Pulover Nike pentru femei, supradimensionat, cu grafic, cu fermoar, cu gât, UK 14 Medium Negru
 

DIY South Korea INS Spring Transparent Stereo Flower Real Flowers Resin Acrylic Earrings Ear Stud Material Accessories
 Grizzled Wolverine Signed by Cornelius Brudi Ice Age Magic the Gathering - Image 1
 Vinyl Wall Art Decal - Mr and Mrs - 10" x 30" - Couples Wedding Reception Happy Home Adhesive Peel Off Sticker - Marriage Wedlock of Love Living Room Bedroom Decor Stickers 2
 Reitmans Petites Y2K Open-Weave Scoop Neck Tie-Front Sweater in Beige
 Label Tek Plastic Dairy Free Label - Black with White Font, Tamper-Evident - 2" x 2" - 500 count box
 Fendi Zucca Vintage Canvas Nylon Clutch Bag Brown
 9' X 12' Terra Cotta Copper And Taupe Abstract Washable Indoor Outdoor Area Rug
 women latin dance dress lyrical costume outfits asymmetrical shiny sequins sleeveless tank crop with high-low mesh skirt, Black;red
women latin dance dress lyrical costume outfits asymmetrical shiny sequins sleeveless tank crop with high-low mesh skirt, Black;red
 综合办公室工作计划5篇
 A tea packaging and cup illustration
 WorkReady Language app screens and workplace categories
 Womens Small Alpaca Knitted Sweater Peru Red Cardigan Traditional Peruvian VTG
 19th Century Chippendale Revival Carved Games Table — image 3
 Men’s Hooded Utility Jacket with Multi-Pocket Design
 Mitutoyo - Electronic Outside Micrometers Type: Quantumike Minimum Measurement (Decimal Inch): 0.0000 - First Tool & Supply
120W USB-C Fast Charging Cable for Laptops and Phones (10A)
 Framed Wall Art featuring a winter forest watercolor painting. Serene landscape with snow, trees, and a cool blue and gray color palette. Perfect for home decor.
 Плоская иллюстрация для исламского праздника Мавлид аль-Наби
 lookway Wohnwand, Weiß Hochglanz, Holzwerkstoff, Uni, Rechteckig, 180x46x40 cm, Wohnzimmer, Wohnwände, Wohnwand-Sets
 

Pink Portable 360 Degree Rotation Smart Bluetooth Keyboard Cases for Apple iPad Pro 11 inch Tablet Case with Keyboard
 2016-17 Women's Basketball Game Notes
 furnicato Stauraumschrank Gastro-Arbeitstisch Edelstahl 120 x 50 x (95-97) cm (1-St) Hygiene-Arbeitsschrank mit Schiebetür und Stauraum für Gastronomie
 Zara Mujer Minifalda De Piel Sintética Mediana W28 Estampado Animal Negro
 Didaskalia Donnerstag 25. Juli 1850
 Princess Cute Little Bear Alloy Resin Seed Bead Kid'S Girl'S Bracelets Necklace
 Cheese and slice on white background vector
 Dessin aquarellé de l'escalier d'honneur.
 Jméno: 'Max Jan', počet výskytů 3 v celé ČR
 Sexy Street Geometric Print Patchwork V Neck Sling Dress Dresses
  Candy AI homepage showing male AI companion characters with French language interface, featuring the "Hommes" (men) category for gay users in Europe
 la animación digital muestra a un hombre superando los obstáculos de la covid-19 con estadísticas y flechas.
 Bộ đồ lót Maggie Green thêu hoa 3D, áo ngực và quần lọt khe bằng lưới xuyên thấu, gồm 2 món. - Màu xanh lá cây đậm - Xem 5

+--

→ Problem to work on: Taking the line with "2016-17 Women's Basketball Game Notes" as the first and the line with "Candy AI homepage" as the last, retype that stretch of the data above exactly, with no other lines.

→ Exercise response:
 2016-17 Women's Basketball Game Notes
 furnicato Stauraumschrank Gastro-Arbeitstisch Edelstahl 120 x 50 x (95-97) cm (1-St) Hygiene-Arbeitsschrank mit Schiebetür und Stauraum für Gastronomie
 Zara Mujer Minifalda De Piel Sintética Mediana W28 Estampado Animal Negro
 Didaskalia Donnerstag 25. Juli 1850
 Princess Cute Little Bear Alloy Resin Seed Bead Kid'S Girl'S Bracelets Necklace
 Cheese and slice on white background vector
 Dessin aquarellé de l'escalier d'honneur.
 Jméno: 'Max Jan', počet výskytů 3 v celé ČR
 Sexy Street Geometric Print Patchwork V Neck Sling Dress Dresses
  Candy AI homepage showing male AI companion characters with French language interface, featuring the "Hommes" (men) category for gay users in Europe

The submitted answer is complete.